Google is challenging that decision.

"No company, no matter how large or powerful, is allowed to corner a market and use its influence to overcharge consumers and smother competition," said New York Attorney General Letitia James, one of the officials involved in the lawsuit. "For too long, Google abused its market share to unfairly raise prices and block developers from selling products in other app stores."

In addition to Google's payments to consumers and states, the settlement requires Google to change its app store practices in several ways for a certain period of time.

For example, Google agreed for five years to expand a pilot program that lets users choose whether to pay for in-app purchases through its proprietary billing system or through a third-party payment channel. The program, which Google calls user choice billing, has been undergoing worldwide testing for more than a year. Developers that take payments through a third-party billing system can receive a slight discount on Google's fees.

App makers will also have a multi-year guarantee under the settlement that they can tell users about promotions and alternative billing systems, Google's commissions and ways to avoid the tech giant's fees.

Google must also simplify the process by which consumers are allowed to install apps from unofficial app stores and third-party websites, a practice known as sideloading, including by changing the warning screens Google displays to users when they attempt to sideload.

Google has said it supports sideloading to promote an open Android ecosystem, but has warned that it could come with security or privacy risks as the tech giant does not review software offered outside of its own app store.

The states involved in Monday's proposed settlement had been slated to litigate their case this fall beside Epic Games, but withdrew from the trial after announcing the settlement's existence - without disclosing its specific terms - in September. Another would-be plaintiff in the trial, the dating conglomerate Match Group, dropped out in late October after it reached its own settlement with Google.

Google said in a statement it was pleased to have resolved the lawsuit brought by the attorneys general, a group that included California, Florida, Utah, Washington and the District of Columbia, among others.

"Android and Google Play have continuously evolved to provide more flexibility and choice in response to feedback from developers and regulators, as well as intense competition from Apple and app stores across the open Android ecosystem," said Wilson White, Google's VP of government affairs and public policy. "This settlement builds on Android's choice and flexibility, maintains strong security protections, and retains Google's ability to compete with other OS makers, and invest in the Android ecosystem for users and developers."
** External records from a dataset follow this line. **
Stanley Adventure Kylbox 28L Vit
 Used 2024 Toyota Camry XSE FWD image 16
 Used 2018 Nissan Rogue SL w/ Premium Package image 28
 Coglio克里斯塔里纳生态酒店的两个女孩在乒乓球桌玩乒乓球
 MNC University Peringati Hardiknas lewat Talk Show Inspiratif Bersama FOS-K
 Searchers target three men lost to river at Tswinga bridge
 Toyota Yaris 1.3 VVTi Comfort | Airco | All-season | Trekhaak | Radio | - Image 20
In its own statement on the settlement, Epic Games characterized the deal as weak and insufficient, arguing that as its case against Google moves into a remedies phase, the company will seek more "meaningful" penalties.
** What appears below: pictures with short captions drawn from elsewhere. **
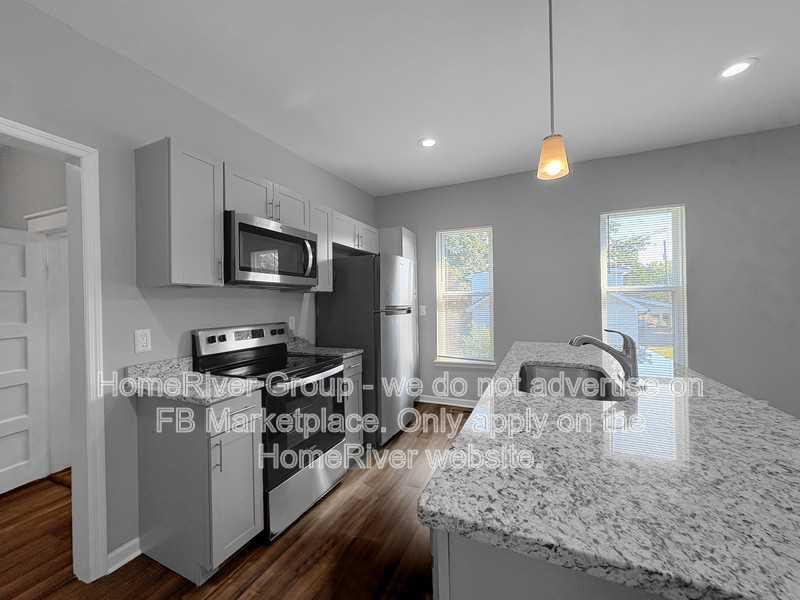 1219 N Chamberlain Ave - Photo 5 of 18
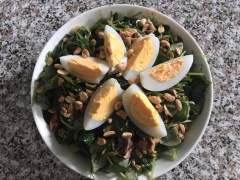 Salad rau càng cua cá mòi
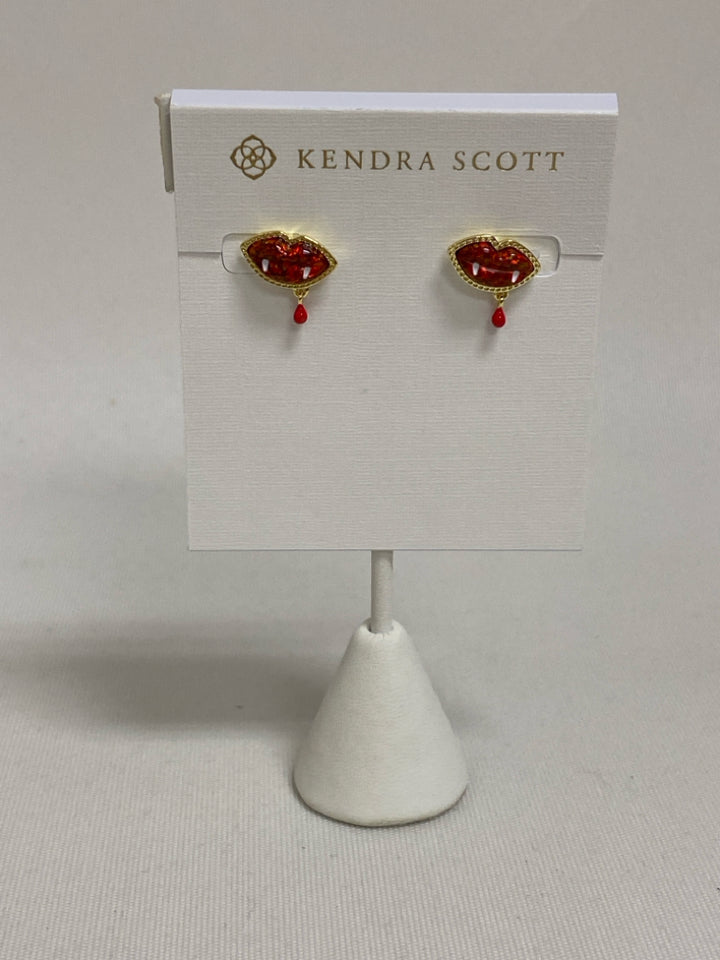 NWT Kendra Scott Gold Color Red Earrings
"After originally seeking $10.5 billion in antitrust damages identified as Google's unjustly collected fees, the states' attorneys general settled for a $700 million payout," said Corie Wright, Epic's vice president of public policy. "The states' settlement does not address the core of Google's unlawful and anticompetitive behavior."

The battles over app store practices are just one of several fronts Google is defending in court. This fall, Google went to trial against the US government and multiple states in a high-profile antitrust challenge to the company's search business. That lawsuit claimed Google had abused its dominance in online search through deals with wireless carriers and smartphone makers that made Google Search the default or exclusive option on products used by millions of consumers, such as Apple devices.

Google is also embroiled in another antitrust legal battle over its advertising technology. The US government has alleged that Google risks illegally monopolizing its dominant position in the online advertising industry.